Maurice : L'association Prévention Information Lutte contre le SIDA dénonce la stigmatisation des séropositifs

Mardi 3 Décembre 2013 - 17:09

Maurice : L'association Prévention Information Lutte contre le SIDA dénonce la stigmatisation des séropositifs
Alors que se déroulait dimanche 1er décembre la Journée mondiale de lutte contre le Sida, Rachel Constantin, la présidente de l'association Prévention Information Lutte contre le SIDA (PILS) à Maurice, a rappelé que la stigmatisation des séropositifs sur l'île est toujours d'actualité même si la maladie n'est plus tabou dans les discussions.
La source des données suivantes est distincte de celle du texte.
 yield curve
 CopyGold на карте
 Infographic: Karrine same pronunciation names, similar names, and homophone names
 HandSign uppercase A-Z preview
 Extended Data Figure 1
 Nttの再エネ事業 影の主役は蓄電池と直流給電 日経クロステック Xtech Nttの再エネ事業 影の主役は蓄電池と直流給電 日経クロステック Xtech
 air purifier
"De manière générale, bien qu'il y ait à Maurice une meilleure conscientisation et que les Mauriciens en parlent aujourd'hui plus ouvertement, la stigmatisation des personnes vivant avec le VIH existe malheureusement toujours et la prise en charge, notamment médicale, des patients en subit les conséquences directes", souligne-t-elle, avant d'appeler à un dépistage effectué dans le respect des droits humains.

"Si toutes les personnes étaient dépistées, traitées et suivies efficacement, dans le respect des droits humains, il serait possible de sauver des vies et de stopper les nouvelles contaminations", assure la présidente de PILS au journal Cinq Plus.
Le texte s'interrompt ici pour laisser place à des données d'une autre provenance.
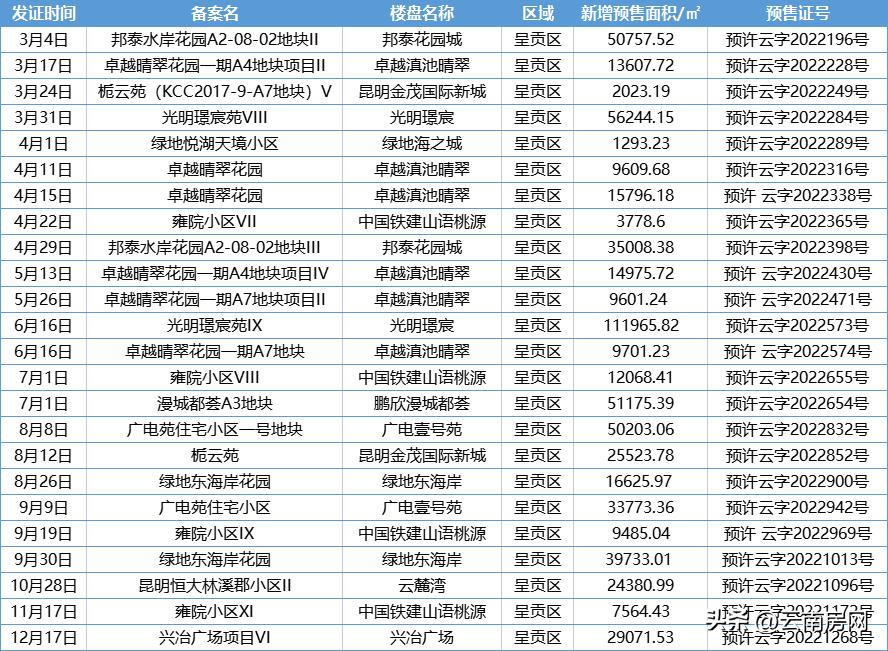 广东邦泰有限公司，探索卓越，共创未来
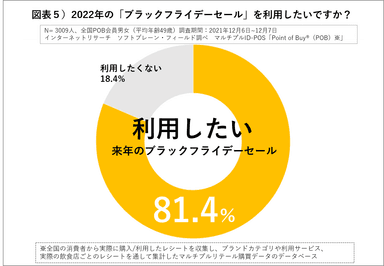 図表４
Ainsi selon les derniers chiffres officiels du ministère de la Santé de l'île Maurice, le virus VIH/Sida a touché 5.696 personnes séropositives de 1987 à septembre 2013.

710 d'entre elles sont décédées des suites de la maladie et, de janvier à septembre 2013, 188 nouveaux cas ont été déclarés à l'île Maurice.
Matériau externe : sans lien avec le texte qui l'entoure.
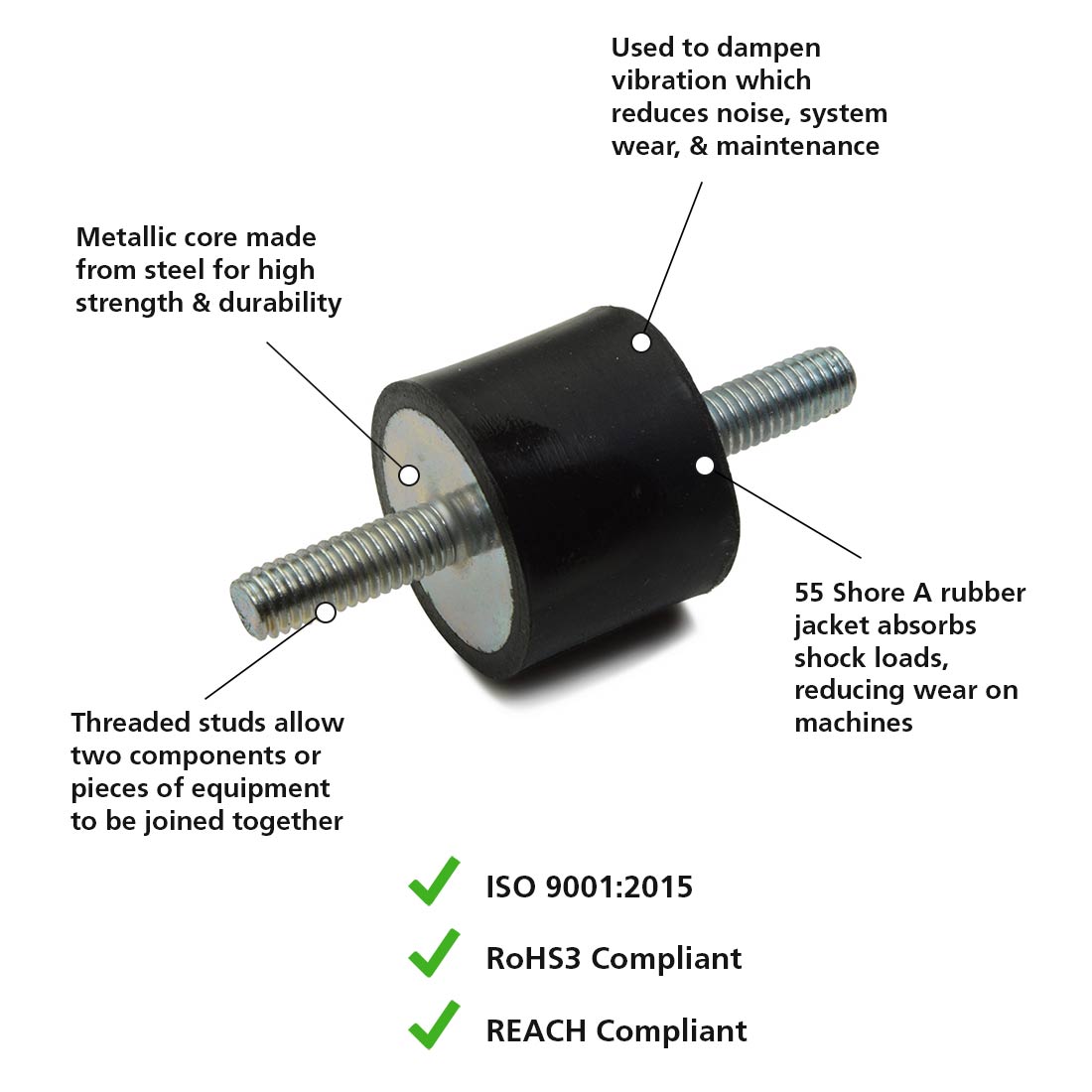 Ruland_Mfg's tweet photo. Increase the longevity of your machinery and protect it from damage with Ruland's vibration isolation mounts. They offer excellent shock absorption and vibration isolation for optimal equipment performance. #MachineryLongevity #ShockAbsorption https://t.co/H9H1E4OD27 https://t.co/S8qDQzN5Lw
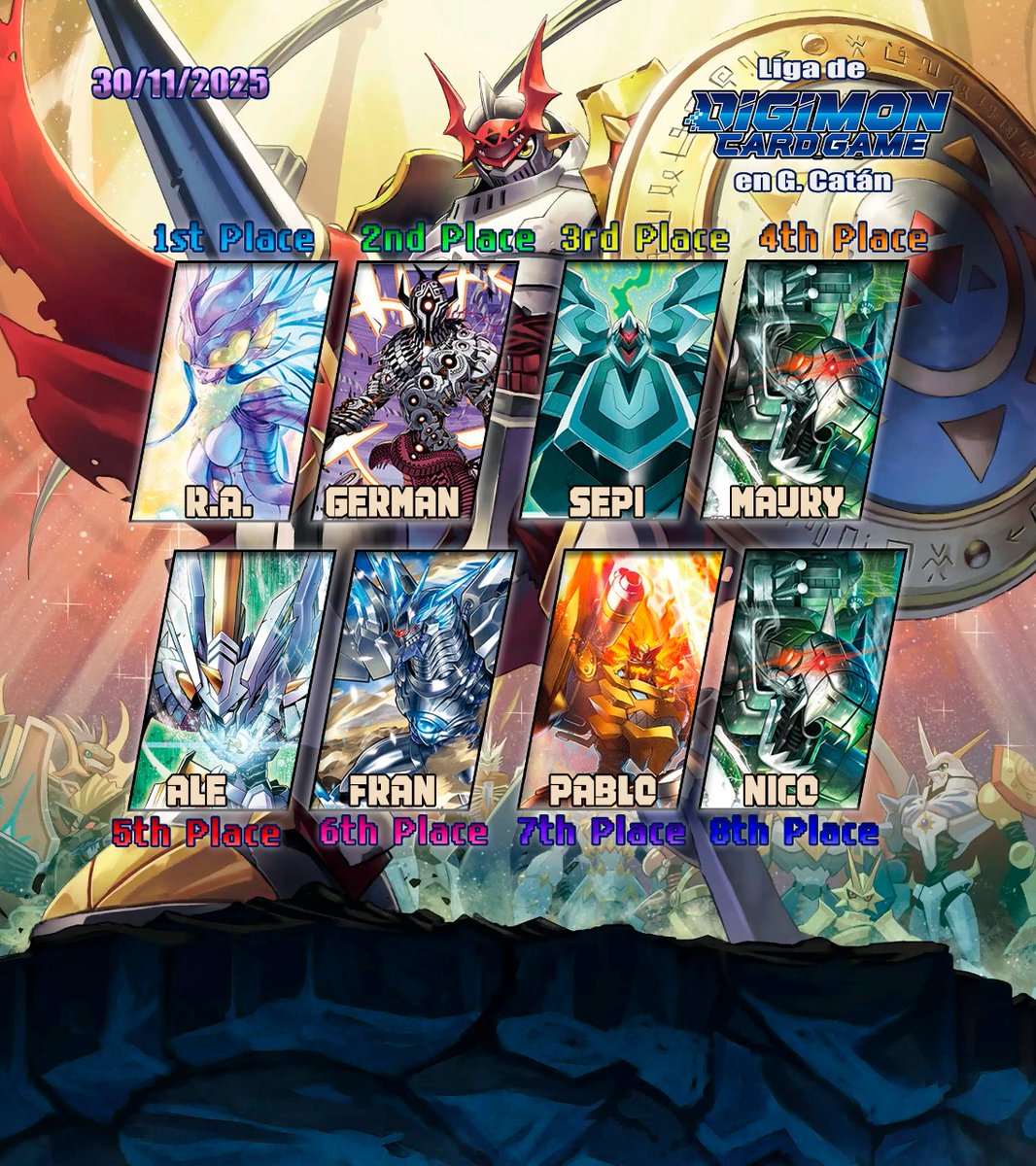 DigimonCatan's tweet image. Tournament in #GCatan
30/11  8 participantes 

🏆 Winner:  Hudie by R.a.

#Digimon #DigimonCardGame #Digimontcg #DigimonCard #DigimonLigaCatan #DigimonArgentina #デジカ #デジモンカードゲーム #デジモン #デジカ #デジモンカードゲーム #デジモンカード #Digimonmeta #dtcg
Toutefois, le nombre de séropositifs sur l'île serait bien plus élevé et serait évalué à environ 10.700, soit plus de 4.000 personnes qui ignorent avoir contracté le virus du VIH/Sida.

"Le nombre de nouveaux cas enregistrés par mois a baissé. Nous sommes passés d'une moyenne de 50 cas par mois de 2006 à 2010, à 33 en 2011, 27 en 2012 et 21 en 2013... Mais nous devons rester très prudents. Cette baisse dans le nombre de nouveaux cas se répertorie principalement chez les personnes qui s'injectent des drogues, conséquence très probable des programmes de réduction de risques mis en place de quelques années : échanges de seringues, programme de substitution par la méthadone, etc.", précise Rachel Constantin.